Dafür reichen Transnet die Ungereimtheiten schon in den Teilunterlagen, die man bisher nur kennt, aus. So wären, erläuterte Hansen, die Unternehmensberater nur von den derzeitigen Status quo ausgegangen. DB-Vorstand und Politik betonten aber immer, dass der Verkehr auf der Schiene und auch die Bahn wachsen sollten. »Wie soll das funktionieren, wenn zugleich Kapazitäten abgebaut werden«, fragte sich der Transnet-Chef und nennt die wirklich verfolgte Strategie einen »verdeckten Schrumpfkurs.«
Hansen, der sich zu einem nötigen Personalabbau in den Bahnwerken bekannte, lehnte aber konkrete Zahlenangaben ab.

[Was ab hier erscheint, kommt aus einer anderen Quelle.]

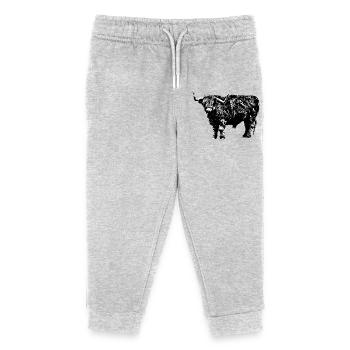 Highland Cattle - Kinder Organic Jogginghose Mini Mover von Stanley/Stella - Grau meliert - Vorne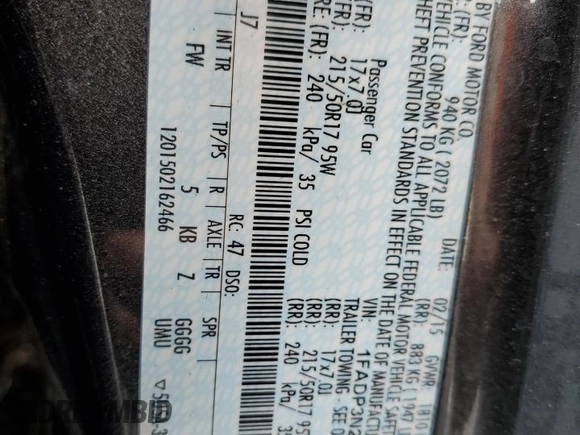 2015 Ford Focus Titanium z VIN 1FADP3N28FL239706, wystawiony jako Copart lot #62478895 z przebiegiem 143 536 mil mil oraz Szkoda całkowita • Salvage title. Historia ofert i sprzedaży dostępna na DreamBid. Obrazek 13.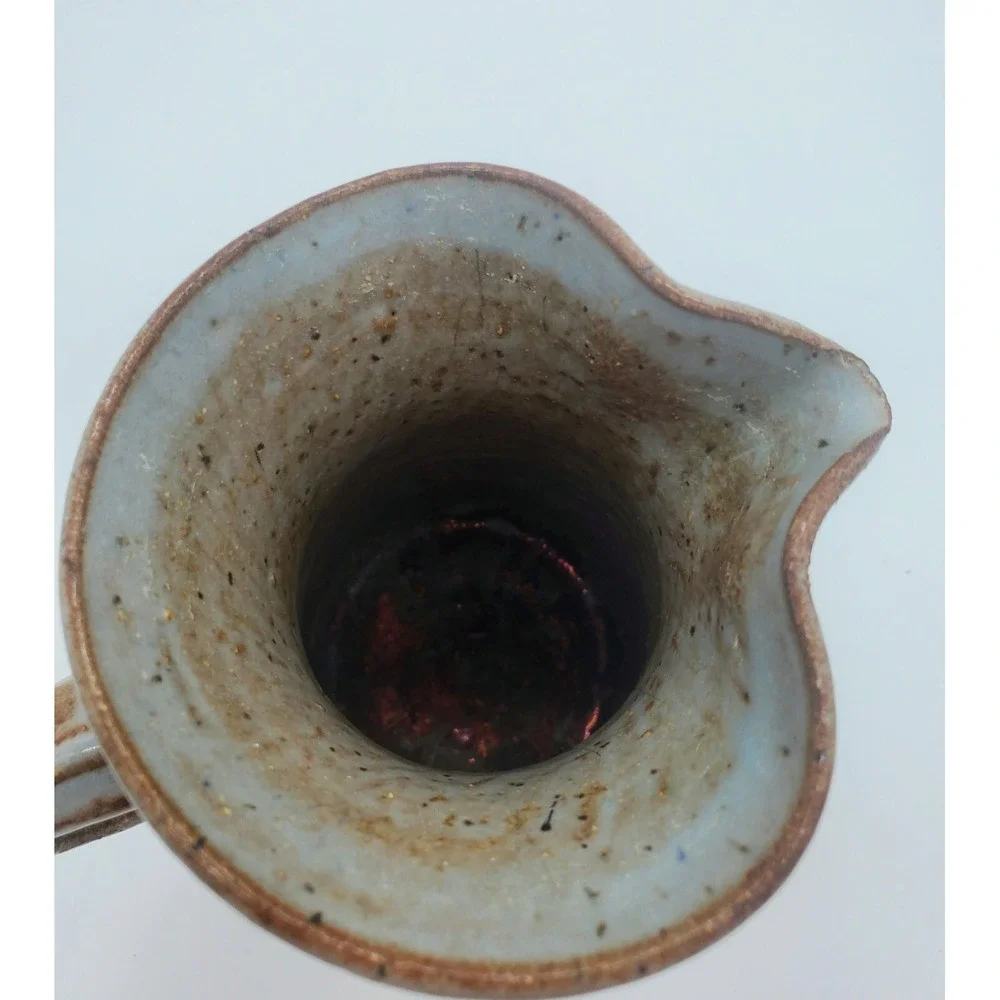 Vintage Studio Art‎ Pottery Stoneware Mini Pitcher Creamer Blue Drip Glaze
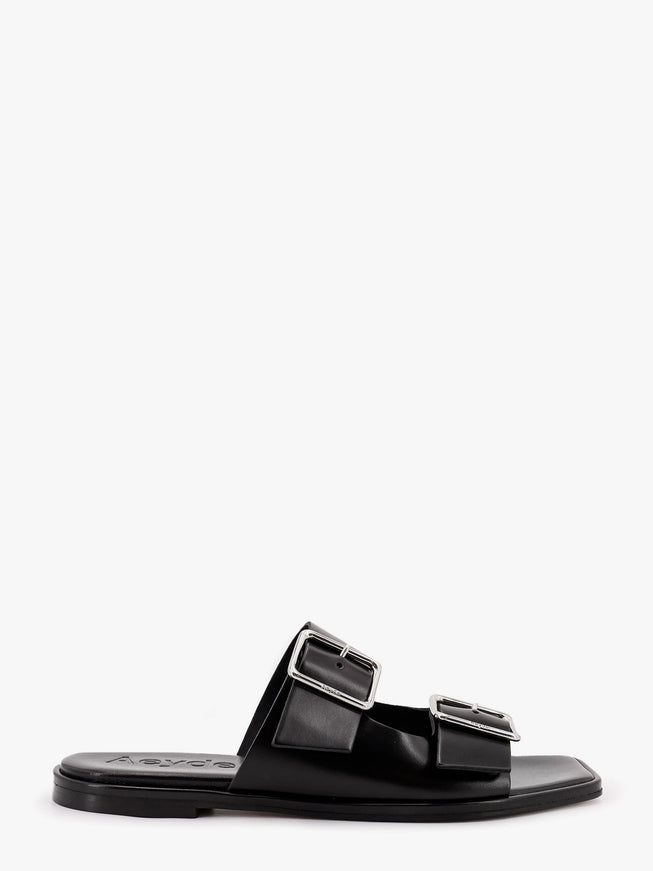 Aeyde Tonya Leather Sandals With Double Strap Marrone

Das hänge eben davon ab, wie sich der Schienenverkehr in den nächsten vier, fünf Jahren entwickelt, betonte er und wies darauf hin, dass die DB in den nächsten Jahren 8,5Milliarden Mark in neue Technik investiert, dass die Bahnwerke bislang eher daran gehindert wurden, Aufträge von Dritten hereinzuholen, und dass es das Versprechen des Vorstands gibt zu prüfen, inwieweit ausgelagerte Aufträge wieder in den Konzern zurückgeholt werden können. Genug Arbeit für die Werke, so das Fazit, wäre eigentlich da.

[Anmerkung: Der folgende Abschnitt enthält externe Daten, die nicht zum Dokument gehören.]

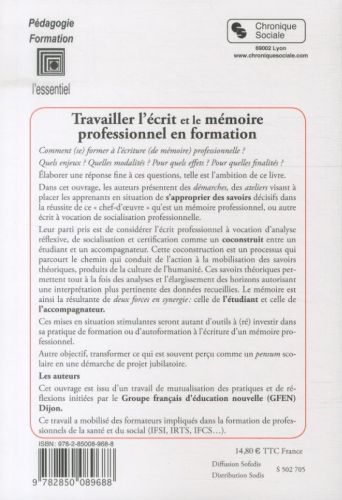 Produktbild: Travailler l'&eacute;crit et le m&eacute;moire professionnel en formation
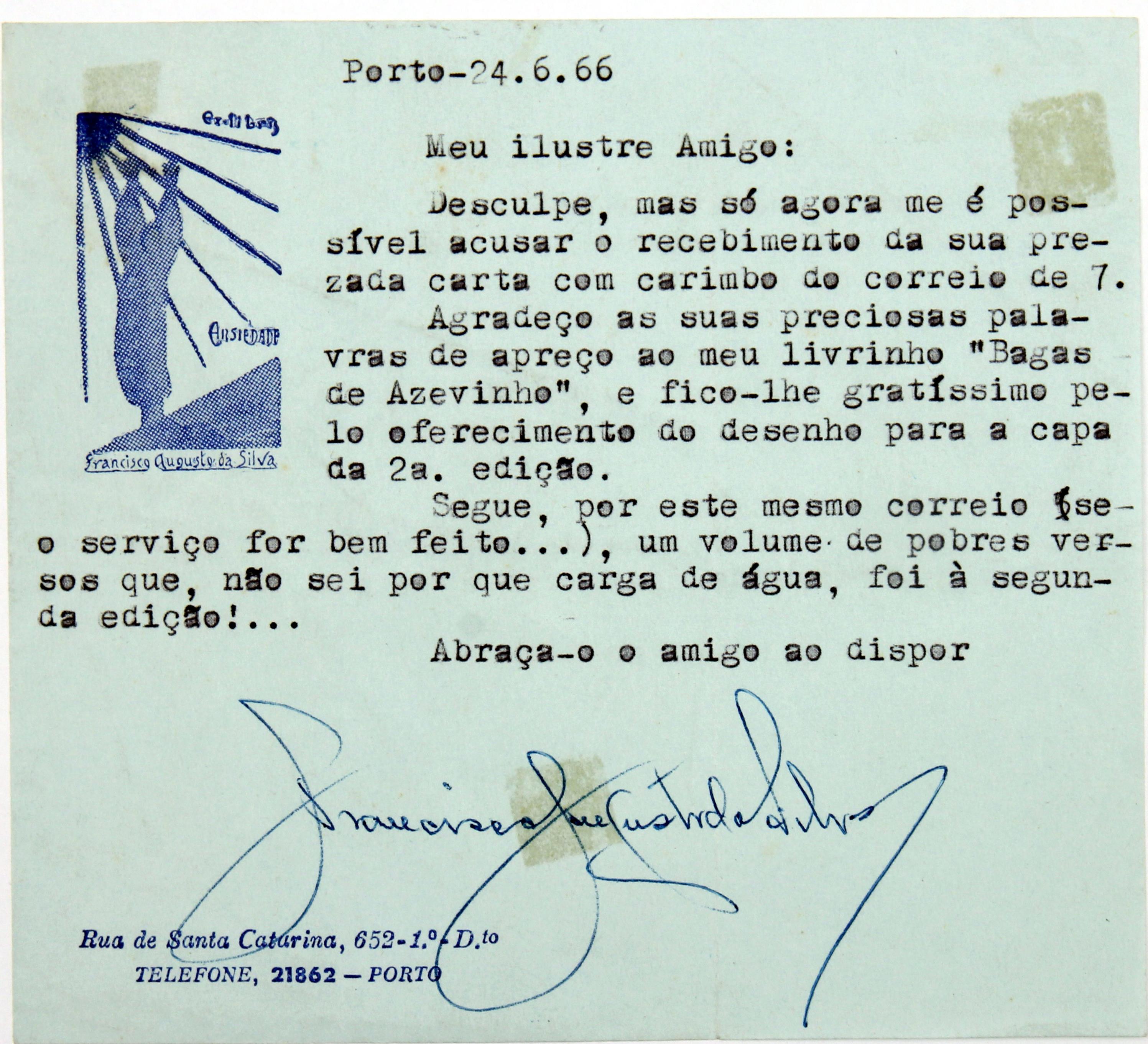 Cruz Caldas (4) : 1966 - 2009 : [carta de Francisco Augusto da Silva a Cruz Caldas]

Auch vom selbstherrlichen Umgang des DB-Chefs Mehdorn scheint Hansen inzwischen die Nase voll zu haben. Nicht einmal die Aufsichtsratsmitglieder der Arbeitnehmerseite hätten bis heute die vollständigen Unterlagen bekommen. Transnet überlegt derzeit, das gerichtlich zu erzwingen. Hansen warnte Mehdorn ausdrücklich, weiter nach der »Wild-West-Methode« vorzugehen: "Entweder ihr akzeptiert es oder ich mache es trotzdem".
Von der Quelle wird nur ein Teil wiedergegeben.